With Silverman’s approximation \(\text{tr}(B) \approx T/\lambda\):

\[GCV(\lambda) \approx T^{-1}(1 + 2T/\lambda) \|y - \hat{g}\|^2\]

8 References

Choudhary, M.A., Hanif, M.N., & Iqbal, J. (2014). On smoothing macroeconomic time series using the modified HP filter. Applied Economics, 46(19), 2205-2214.
Craven, P., & Wahba, G. (1979). Smoothing noisy data with spline functions. Numerische Mathematik, 31, 377-403.
Hodrick, R.J., & Prescott, E.C. (1997). Postwar US business cycles: An empirical investigation. Journal of Money, Credit and Banking, 29(1), 1-16.
Marcet, A., & Ravn, M.O. (2004).

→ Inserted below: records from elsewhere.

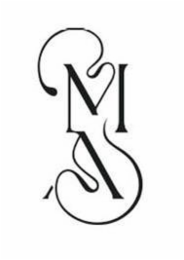 M A logo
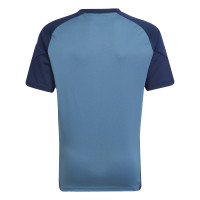 adidas Arsenal Trainingsset 2025-2026 Kids Blauw Donkerblauw Wit
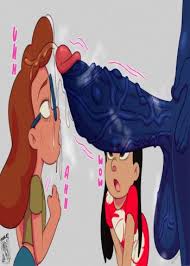 Lilo and stitch hentai comic quality jpg x Lilo and stitch comic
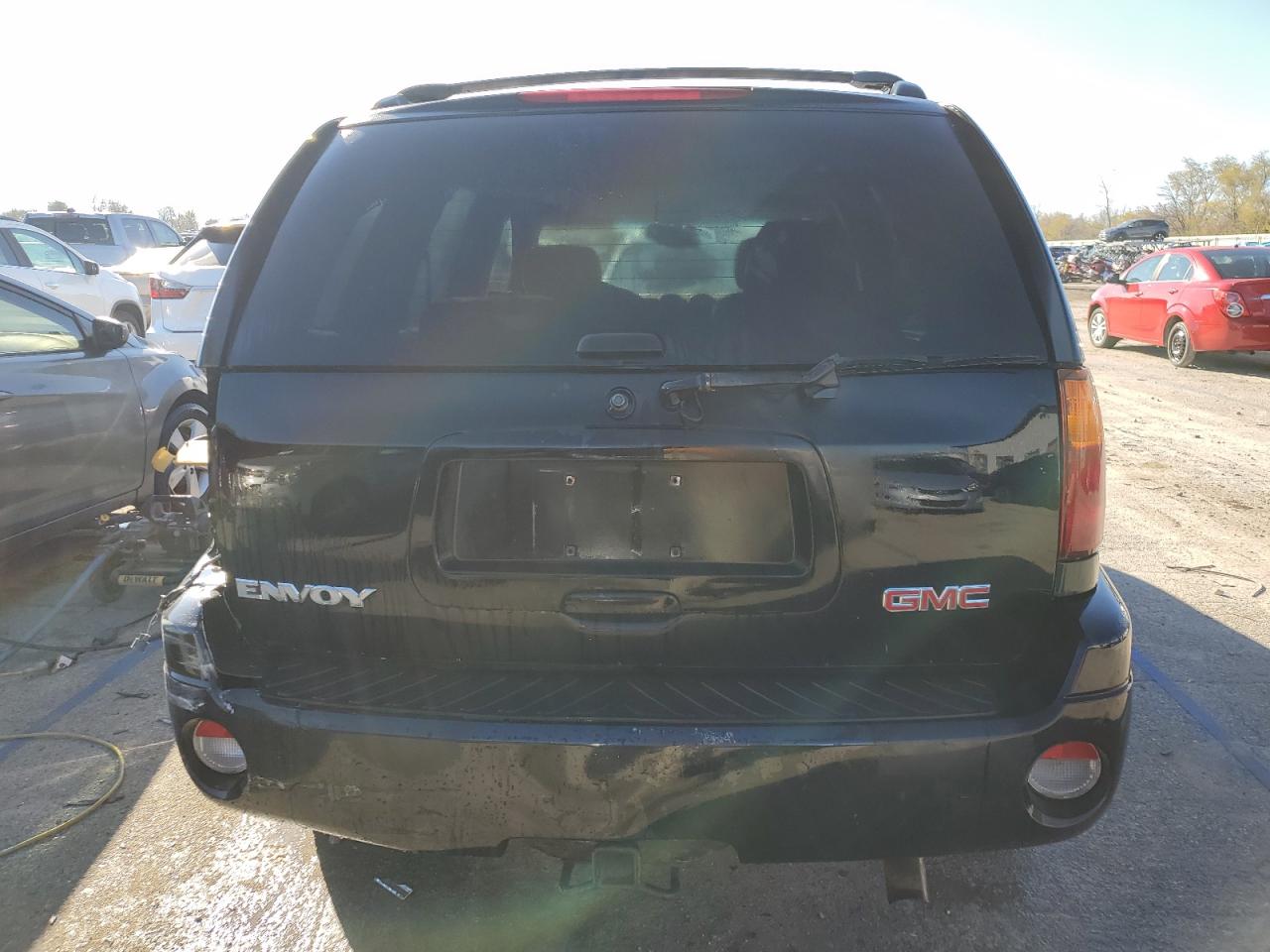 2004 GMC Envoy VIN: 1GKDT13S642163228 Lot: 78276954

The HP-filter in cross-country comparisons. CEPR Discussion Paper No. 4244.
McDermott, C.J. (1997). An automatic method for choosing the smoothing parameter in the HP filter. Unpublished manuscript, IMF.
Ravn, M.O., & Uhlig, H. (2002). On adjusting the Hodrick-Prescott filter for the frequency of observations. Review of Economics and Statistics, 84(2), 371-376.
Silverman, B.W. (1984). A fast and efficient cross-validation method for smoothing parameter choice in spline regression. Journal of the American Statistical Association, 79, 584-589.